Sem essas bases, a criança não terá condições de dominar o lápis. Caso não tenha atingido a motricidade necessária, as atividades de escrita não corresponderão às expectativas da criança, tornando-se um peso, pois não têm significado para ela.
No ano seguinte, escolhi a mesma turma para dar continuidade ao processo, aumentando o grau de dificuldades de acordo com a necessidade de cada aluno. O pai continuou voltando com o compromisso de contar os resultados e pedir novas orientações. Pedi que ele levasse o filho ao pediatra para obter um encaminhamento para natação, pois isso proporcionaria a chance de encontrar atividades na rede pública. Ele seguiu essa orientação. Foi um ano muito proveitoso, e o aluno acompanhou o ritmo do grupo sem nenhum comprometimento em seu rendimento escolar.

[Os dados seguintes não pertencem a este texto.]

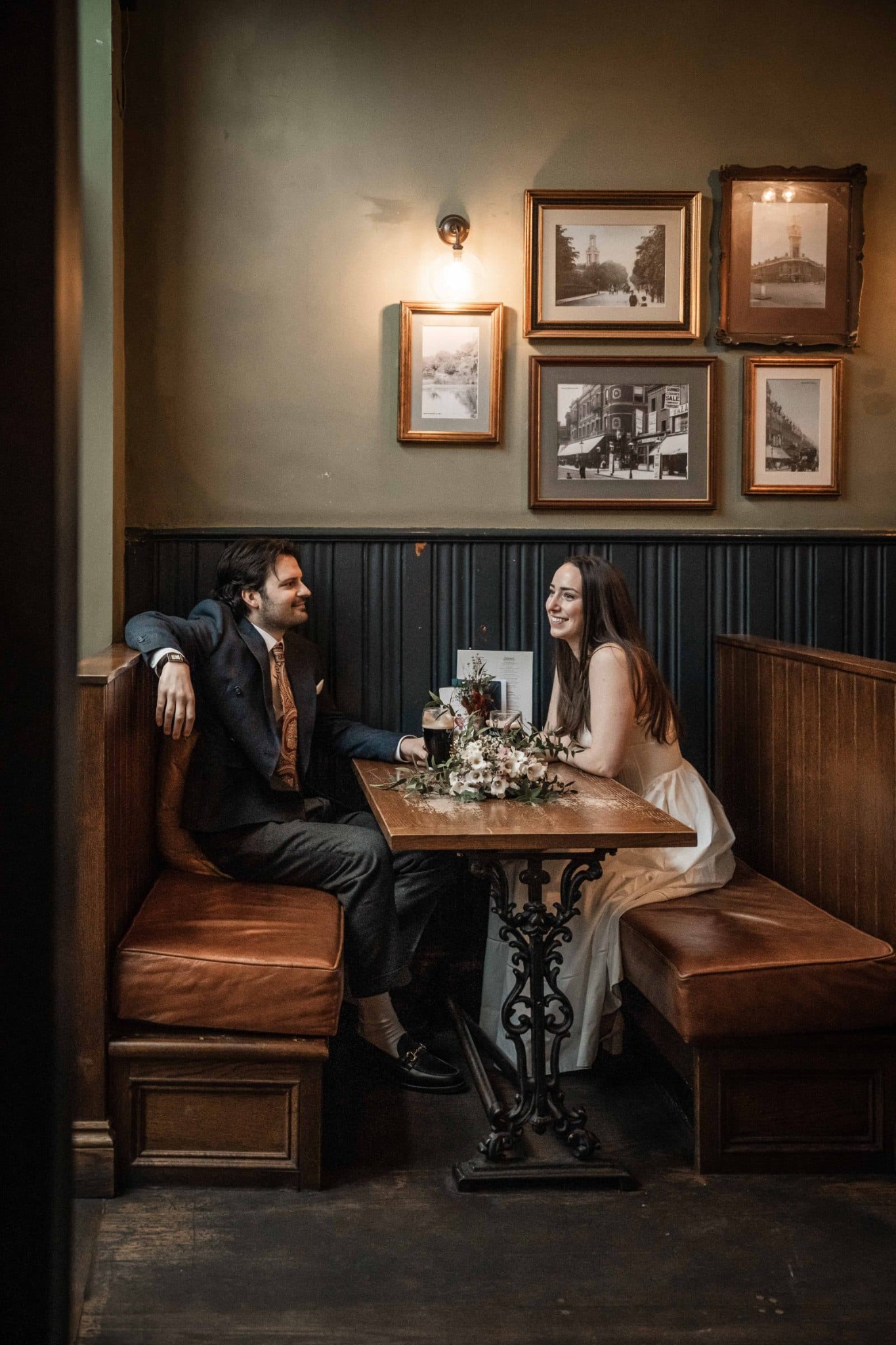 Bride and groom seated together in an intimate pub setting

Nos anos que se seguiram até a 4ª série, o pai sempre dava um jeito de me trazer notícias da evolução do Cleyton. Depois, fiquei um tempo sem saber dele, mas, certa vez, quando já estava no Ensino Médio, o pai me encontrou em um grande supermercado e me acompanhou durante as compras, falando sobre as conquistas do filho.
Afirmou que ele continuava fazendo exercícios físicos, pois quando parava, voltava a tremer. Acrescentou que tudo isso lhe parecia ser um milagre. Eu respondi que foi o milagre de nossa parceria, porque sozinho, nenhum de nós seria capaz de alcançar os mesmos resultados. Mais uma vez, agradeci por sua confiança em mim e seu empenho em tudo que fizemos. Nos despedimos, ambos emocionados com tantas vitórias. Foi a última vez que o vi, mas certamente, Cleyton seguiu em frente, indo para a vida com direito à liberdade e autonomia para decidir sobre os diversos assuntos decorrentes de sua existência.